** The problem **
Under this line sits a listing. Repeat exactly and only its lines from the one holding "Yo guys, Firas" through the one holding "In today's video, I"; skip pictures.

** Stored data **

______________________________

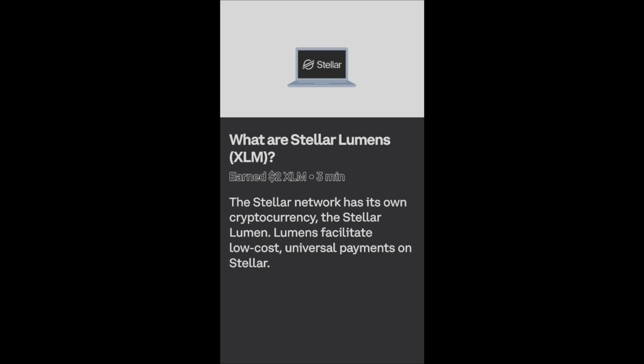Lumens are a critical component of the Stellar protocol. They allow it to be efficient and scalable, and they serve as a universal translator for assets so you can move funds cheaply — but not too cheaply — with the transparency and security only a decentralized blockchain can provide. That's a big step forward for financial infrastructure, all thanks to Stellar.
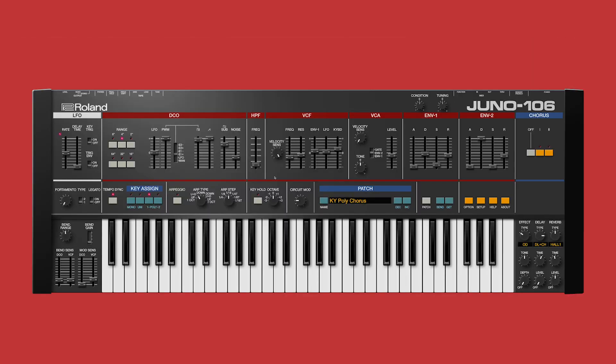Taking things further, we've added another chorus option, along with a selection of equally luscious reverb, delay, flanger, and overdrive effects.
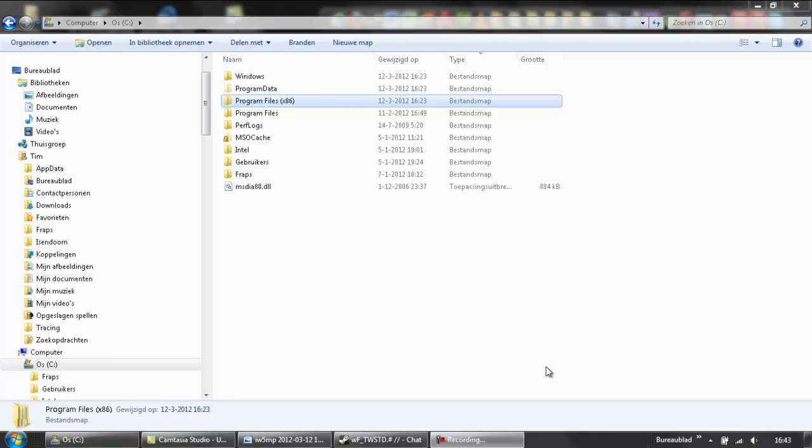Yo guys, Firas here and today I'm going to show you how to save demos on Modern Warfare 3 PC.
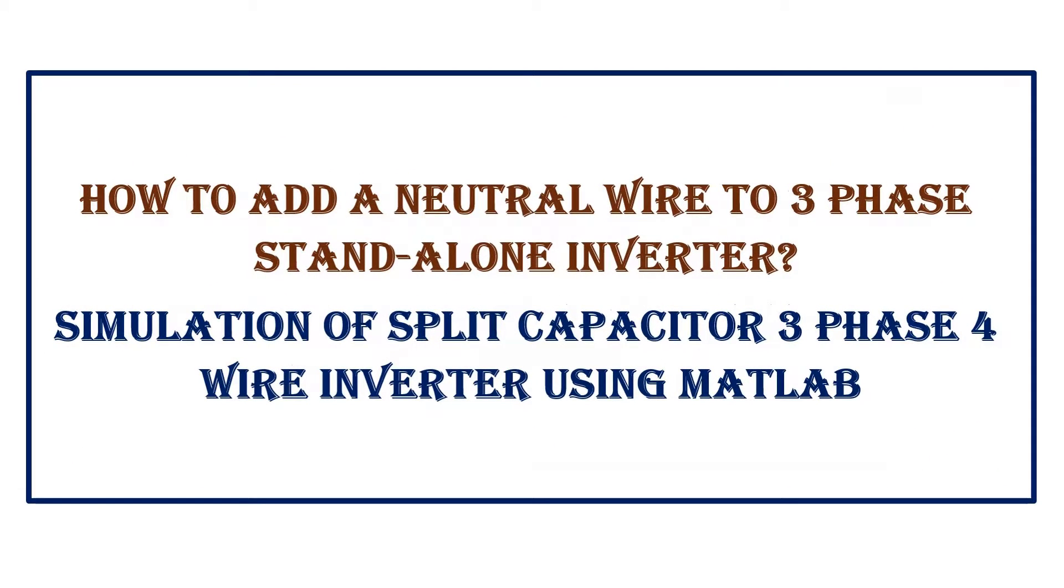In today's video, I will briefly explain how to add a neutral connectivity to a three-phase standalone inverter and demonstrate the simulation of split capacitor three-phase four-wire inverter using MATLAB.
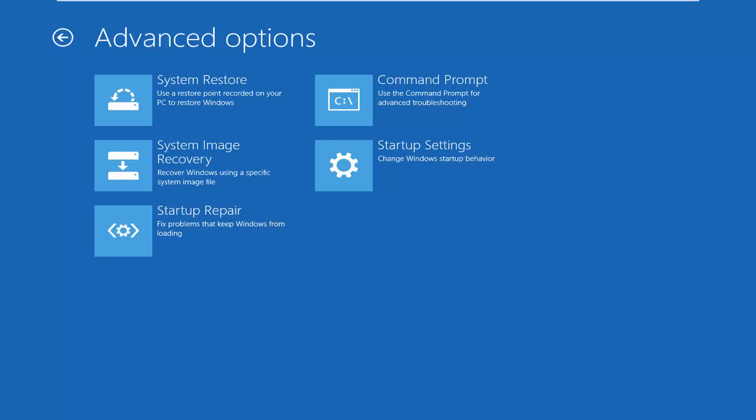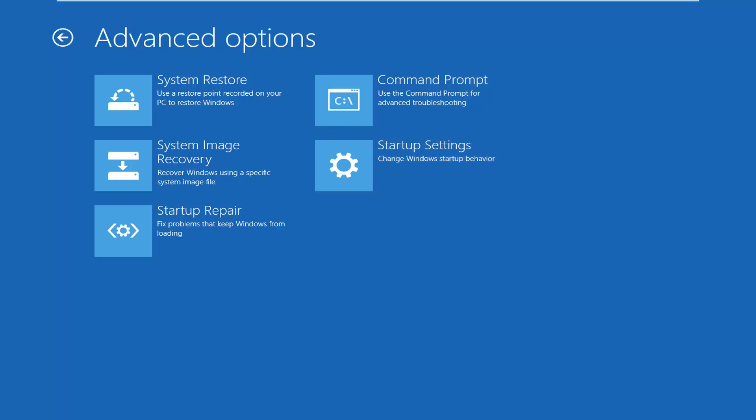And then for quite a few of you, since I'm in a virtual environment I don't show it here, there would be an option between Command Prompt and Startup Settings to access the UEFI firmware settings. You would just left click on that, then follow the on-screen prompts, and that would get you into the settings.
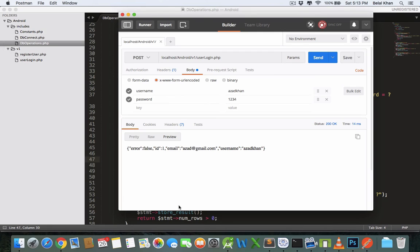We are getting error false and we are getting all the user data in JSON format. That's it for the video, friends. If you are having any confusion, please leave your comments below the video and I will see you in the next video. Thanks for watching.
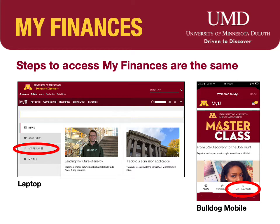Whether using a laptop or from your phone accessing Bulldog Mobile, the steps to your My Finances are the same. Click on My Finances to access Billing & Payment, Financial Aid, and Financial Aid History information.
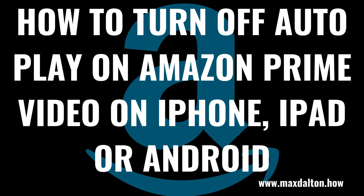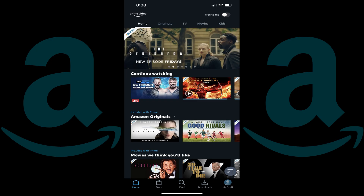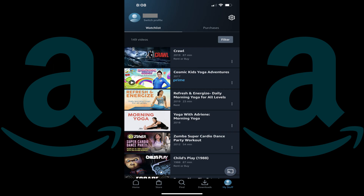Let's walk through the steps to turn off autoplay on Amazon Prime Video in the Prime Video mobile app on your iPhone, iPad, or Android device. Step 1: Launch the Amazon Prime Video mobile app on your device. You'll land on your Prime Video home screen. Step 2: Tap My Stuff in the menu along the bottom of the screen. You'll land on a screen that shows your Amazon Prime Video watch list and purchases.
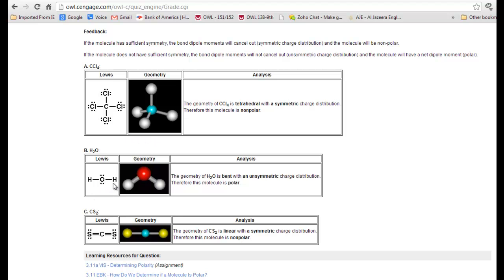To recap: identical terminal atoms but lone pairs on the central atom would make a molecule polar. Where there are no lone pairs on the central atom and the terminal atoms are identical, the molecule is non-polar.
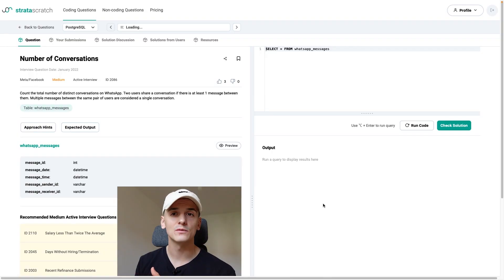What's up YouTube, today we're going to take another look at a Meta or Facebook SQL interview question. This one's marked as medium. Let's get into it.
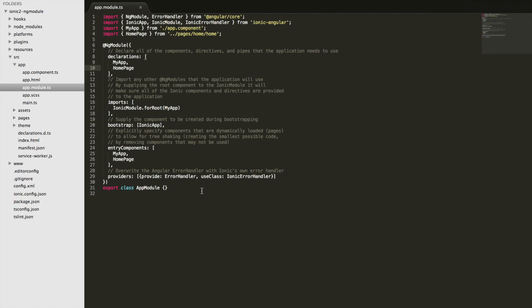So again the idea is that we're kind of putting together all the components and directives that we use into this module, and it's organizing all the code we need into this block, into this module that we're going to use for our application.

______________________________

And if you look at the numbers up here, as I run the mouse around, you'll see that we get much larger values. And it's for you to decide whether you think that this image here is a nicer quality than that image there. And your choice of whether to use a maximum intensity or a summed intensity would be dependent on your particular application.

______________________________

** Written response **
Yo guys, Firas here and today I'm going to show you how to save demos on Modern Warfare 3 PC.
In today's video, I will briefly explain how to add a neutral connectivity to a three-phase standalone inverter and demonstrate the simulation of split capacitor three-phase four-wire inverter using MATLAB.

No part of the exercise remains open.